Of the four options above, the one that should be of most concern to libraries is the third. Library patrons do not depend on libraries in the same ways they once did. Reference statistics at ARL (Association of Research Libraries) libraries are generally down; circulation statistics are down dramatically. Patrons love library buildings but use them essentially as study halls. It is the broker role that remains an important one for libraries: patrons depend on libraries to buy access on their behalf—access that they would not be able to afford otherwise. That role remains key as long as two conditions obtain:

  1. The price of access is too high for the individual
  2. Dealing with publishers directly is too much trouble

In the print era, scholarly publishers had the option of lowering access prices for individuals but could do little about the issue of complexity and difficulty: few researchers had the budget or the space to subscribe to and house thousands of journals or millions of pages of database content, and few had the desire to interact commercially with hundreds of individual publishers. In an online environment, physical space is no longer the issue it once was, and it is well within the capabilities of many publishers to implement easy and attractively priced purchase options for individuals.

What might such an option look like? Suppose a university library serves 2,000 faculty and is paying $1,000,000 annually for access to Elsevier’s Freedom Collection. If Elsevier decided to bypass the library and sell access to its Freedom Collection individually to those faculty members, it would have to sell to the entire faculty at an average price of $500 each in order to realize the same revenue—and even then, the lost economies of scale would significantly undercut profits. This seems like an unpromising avenue. However, suppose Nature charges the same institution $6,000 for a site license to its flagship journal. If Nature decided to bypass the library, it would have to sell to the entire faculty at an average price of only $3 each in order to break even.
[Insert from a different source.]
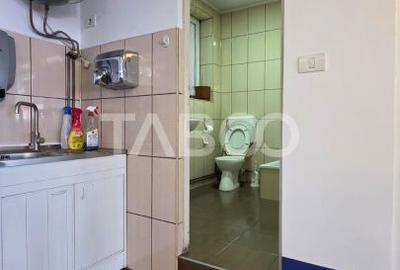 Spațiu comercial, de 300 mp, în Industrială - 2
Of course, relatively few faculty members would be interested in a personal subscription, but even if only one in ten were interested (and bear in mind that their interest would rise dramatically if a personal subscription were to become the only way to get access), Nature would still need to charge only $30 per faculty member per year in order to make the same amount of money—and there is every reason to believe that at least some students would be equally interested in a subscription at that price.

There is nothing to stop Elsevier or Nature or any other scholarly publisher from retreating entirely from the library model and reverting to a retail, title-by-title model for faculty and students. This would not be a painless transition for them, but it is not at all clear that they have the option of continuing with business as usual. Likewise, continuing with business as usual is simply not an option for a library experiencing drastic budget cuts. As long as libraries remain the primary customers of scholarly information products, publishers’ fortunes will continue to be tightly aligned with those of libraries. At this point, publishers seem to have little choice: either satisfy themselves with the relatively meager returns that libraries will be able to offer in the future, or find some way to disentangle themselves from the library marketplace. Whether the latter strategy would actually be feasible for most publishers is unclear, but it seems undeniable that the future of scholarly publishing will look very different from its past. The possibility that traditional research libraries will occupy a much smaller space in that future is real, and is one that wise librarians will take seriously now, while there remain time and opportunity to change and adapt.